A good Open Source encrypted back up solution that makes use of this in an intelligent way would be great. I really want to automatically store my photo's and important document outside my house. Houses do burn occaionally, computers get stolen by burglars. No need to loose all your important data in the process.
X.
. . . if someone steals your computer, they steal your backup too.
If you're silly enough to keep your solitary backup in your frickin' computer.
Go tell your friend that God has invented external drives. Then tell him that you'll keep his if he'll keep yours.
KFG
Tape has fewer points of failure than a hard drive?
It does, because, unlike hard-drives, the media and the reading mechanism separate components. If your read head drives on your hard-drive, it is difficult and expensive (but not impossible) to retrieve your data.

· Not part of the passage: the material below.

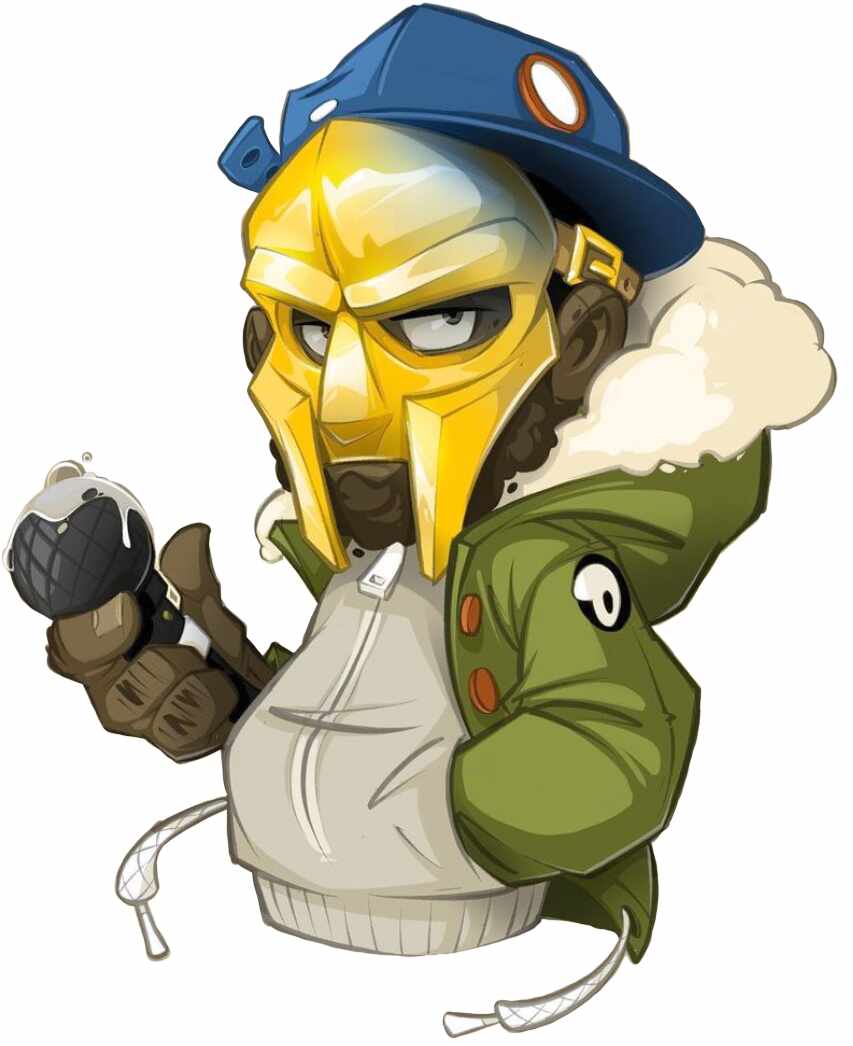 mf_doom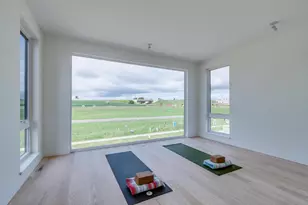 4043 Serenbe St, Middleton, WI 53562 - Photo 30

Explain to me why the entire industry is moving to disk-to-disk recovery backup with tape relegated to archival backup.
Convenience
Explain to me why most data is kept on hard drives for day to day use if they are so failure prone.
Convenience
Hard drives are more prone to failures than tape drives, but that can be alleviated through stuff like RAID. Hard drives are more convenient than tape for all but the most fundamental backup needs (full backup, full restore).I prefer to use hard drives too; but they are more prone to failure than tape. If I had to choose to trust all my data to a single tape or a single hard drive, I'd go tape every time. If I had the capacity to create a redundant array of hard drives, I'd go with hard drives. If I needed offsite storage on a budget, I'd go with tape - it's easier to transport and store than a hard drive array. If I had the money for it, or my needs were simple enough that the solution wasn't that expensive, I'd go for a local hard drive array backup, and a remote network backup.
That last one is, in fact, the backup system I use at home. I have a cheap RAID array, and a script that encrypts my most important files and FTPs them to a friend's computer once a week. My important files are mostly source code and documents I've written myself - it doesn't chew through much bandwidth or storage space.
Just because you're paranoid doesn't mean there isn't an invisible demon about to eat your face
Mom & Dad
5GB at $0.20gb = $1.00 transfer fee
Monthly at $0.15gb = $.75/month recurring charge
$0.75 for a year is $9.00 dollars.
Throw some pictures up there, taxes, and other essentials using a third party program that "helps" you gather what really should be stored in case of emergency (can you say this program might be a good idea for someone in the open-source community?)
Far better than what they have now and its safe from fire. Throw a little encryption through that 3rd party app accessing the Amazon storage and it would be secure.
The difference here is that I used numbers I expect of data that should be backed rather than just dumping stuff on the drives because its there. The amount of stuff people just dump on drives for backup is amazing and wasteful.
* Winners compare their achievements to their goals, losers compare theirs to that of others.